The most notable thing about The National Ballet of Canada’s Alice’s Adventures in Wonderland is the number of things worth noting. On March 7, over the course of Christopher Wheeldon’s dance adaptation of the Lewis Carroll classic, the audience at the Four Seasons Centre for the Performing Arts was inundated with tottering stacks of teacups, a stage-filling lake made of tears, royal croquet matches with flamingo mallets and balled-up porcupines, ceiling-high card houses, a gigantic stopwatch and stubbornly paint-resistant rose bushes.
These elaborate production details conjure the chaos and magic of Wonderland, all competing for attention. It’s no wonder that Jillian Vanstone’s Alice is in a near-constant state of pirouette.

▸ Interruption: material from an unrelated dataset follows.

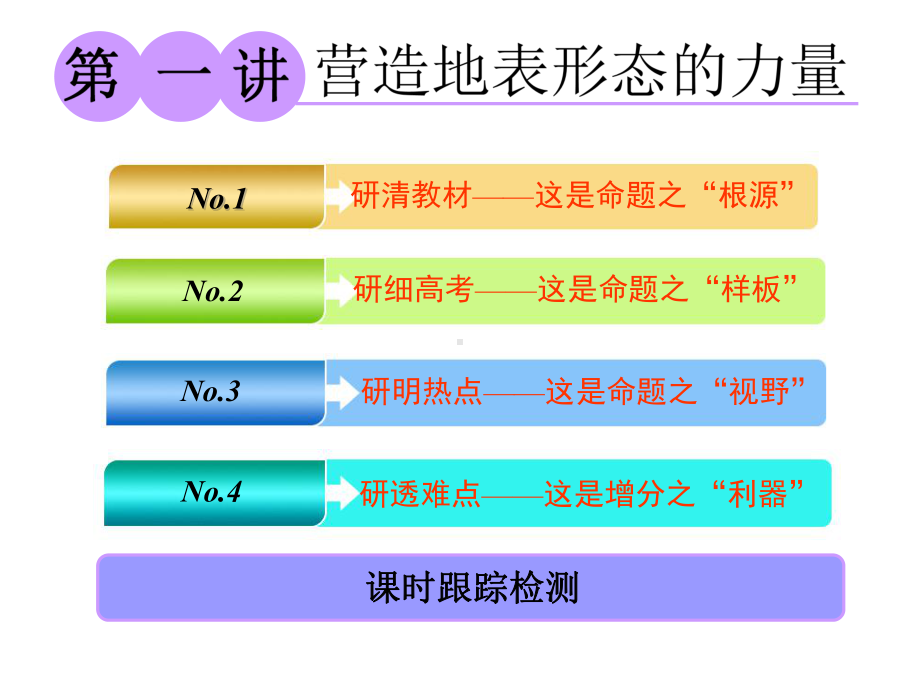 第一讲-营造地表形态的力量课件.ppt_第1页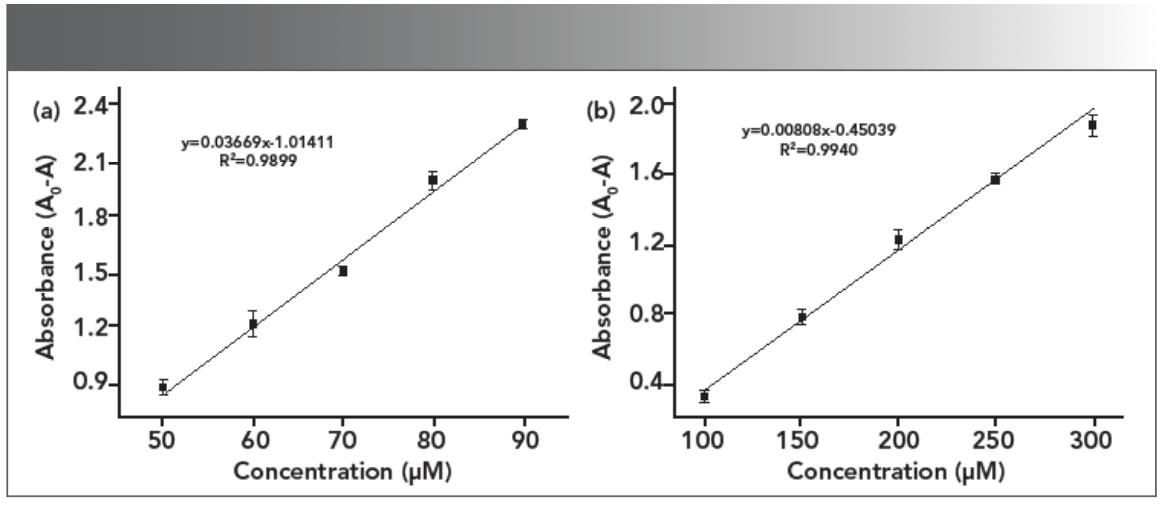 FIGURE 7: Plot of absorbance intensity at 398 nm versus the concentration of (a) Hg2+ and (b) Pd2+ ions.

Her persistent spinning makes clear that Wonderland is disorienting, and appropriately so: the Alice of this production is not a child (as in the book) but an adolescent, navigating the often confusing rules of the world and how they will shape who she will be.
With so much to absorb visually, the dancing can sometimes feel relegated to one production element among many instead of being the ballet’s focus. An emphasis on theatricality results in dancing that is sometimes dwarfed by the sensational set design (Bob Crowley) and projection effects (Jon Driscoll and Gemma Carrington). The spectacle of Alice works best when dancers participate more fully in the fantastical staging of Carroll’s plot: picture the disembodied Cheshire Cat, assembled playfully by black-clothed dancers, and Alice’s puzzlement after she leaps through his stomach. Or observe Alice’s fluctuating body size as she twirls wildly across the stage, “shrinking,” as the background projection enlarges so she appears too small to reach a door handle. These moments that emphasize the strangeness of body and place — grounded through movement — are more keenly resonant in a story about adolescence and developing identity.
Despite the focus on spectacle, there is much to appreciate in the dancing and Wheeldon’s character-driven choreography. Through a range of movement vocabularies, we encounter slinky pink flamingos; dancers’ arms becoming craning necks; a frog created with deep plié squats and energetic jumps; and pleasingly symmetrical arrangements of flower-dancers with expansive, blooming upper bodies. As the twitchy White Rabbit, Skylar Campbell brings suitably frantic energy to the character, executing tight pirouettes and quick, low échappé bunny-hops. The playing cards move with militaristic efficiency and rigidity, which they might have acquired from observing the Queen’s own angular carriage and propensity for drawing a stiff, threatening hand across her throat.
The main action that propels us through this often bewildering dreamscape and its characters is the ongoing conflict between Alice, her mother (Greta Hodgkinson) and Jack, the gardener’s boy (Gabriele Francesco Frola). Alice’s mother disapproves of Alice’s infatuation with Jack, and at the garden party, she accuses him of stealing a tart. Dismayed, Alice engages her mother in uneasy confrontation. Mother and daughter rise on pointe and face each other, locked in step as they pace forward and backward, bodies veering toward and then away from each other. The moment seems to convey the stakes of the ballet: the complicated negotiation between adolescence and adulthood, authority and autonomy.
Alice’s other major relationships in the ballet are more positive, lending support on her Wonderland journey until she ultimately re-enacts her brave encounter with her mother, only this time with the Queen of Hearts (also played by Hodgkinson). In moments of doubt, Alice is comforted when dancing with the White Rabbit who, as gatekeeper and guide to Wonderland, represents imaginative possibility. All of Alice’s sequences with the Knave of Hearts (Jack’s Wonderland counterpart), particularly the satisfying pas de deux in the third act, are sweetly tender sections danced with convincing chemistry. With Frola, Vanstone barely touches the ground, and given the amount of lifts, there’s an appropriate sense of effortless buoyancy as they express their romance and plead the Knave’s innocence. Frola deserves top marks for his capable partnering work, and his solo seems infused by the passion of their long-awaited pairing.
So, what do we make of Alice’s adventures, the dream from which she awakes? It’s worth remembering the scene where, lost in Wonderland, Vanstone performs a solo of a surprisingly different tenor. She seems to be seeking a form of expression or clarity to her thoughts, and her movement is more contemplative instead of conveying Alice’s typical exuberance. The solo is interrupted by the Caterpillar’s smoke rings, which query appropriately: “How are you?” and “Who are you?” Alice’s developing identity is central to the story: Wonderland presents a complicated array of possible ways to act and be, and Alice must decide and pursue what she believes is fair and valuable. But these important questions are only made possible through imagination and the room it affords for exploration. Imagination, pleasure and play are the values Alice holds dear, and it’s these qualities that make it so delightful to watch.